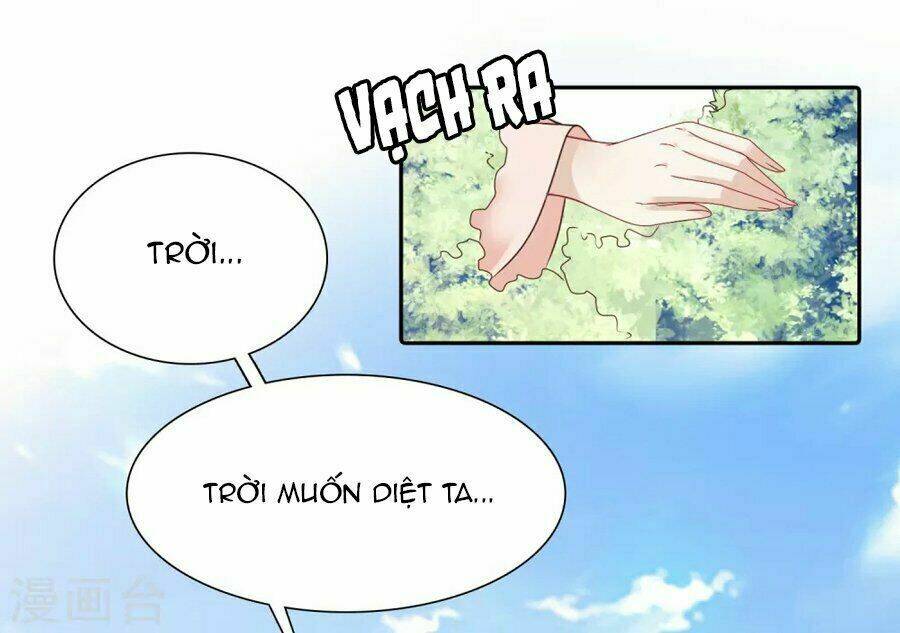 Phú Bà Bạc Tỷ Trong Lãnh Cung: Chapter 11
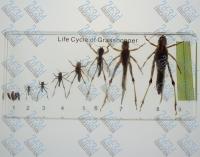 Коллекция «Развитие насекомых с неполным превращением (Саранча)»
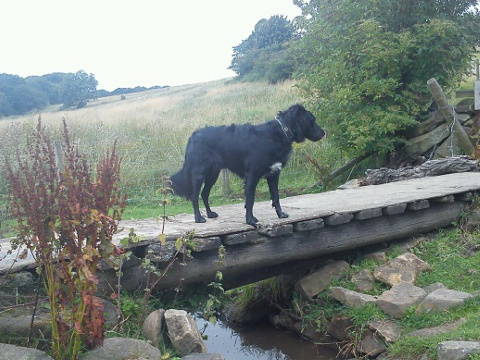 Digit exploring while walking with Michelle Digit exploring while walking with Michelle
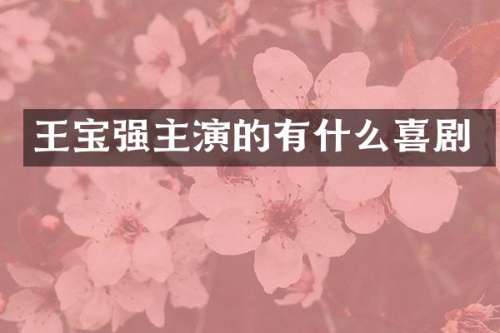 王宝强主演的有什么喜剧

--

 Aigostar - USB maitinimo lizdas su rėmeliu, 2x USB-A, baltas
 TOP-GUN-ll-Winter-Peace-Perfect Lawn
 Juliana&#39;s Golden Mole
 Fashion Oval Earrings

EXERCISE> Although pictures appear among the records above, none are to be output; print exactly the lines from the line containing "насекомых с неполным" through the line containing "王宝强主演的有什么喜剧".

WRITTEN RESPONSE>
 Коллекция «Развитие насекомых с неполным превращением (Саранча)»
 Digit exploring while walking with Michelle Digit exploring while walking with Michelle
 王宝强主演的有什么喜剧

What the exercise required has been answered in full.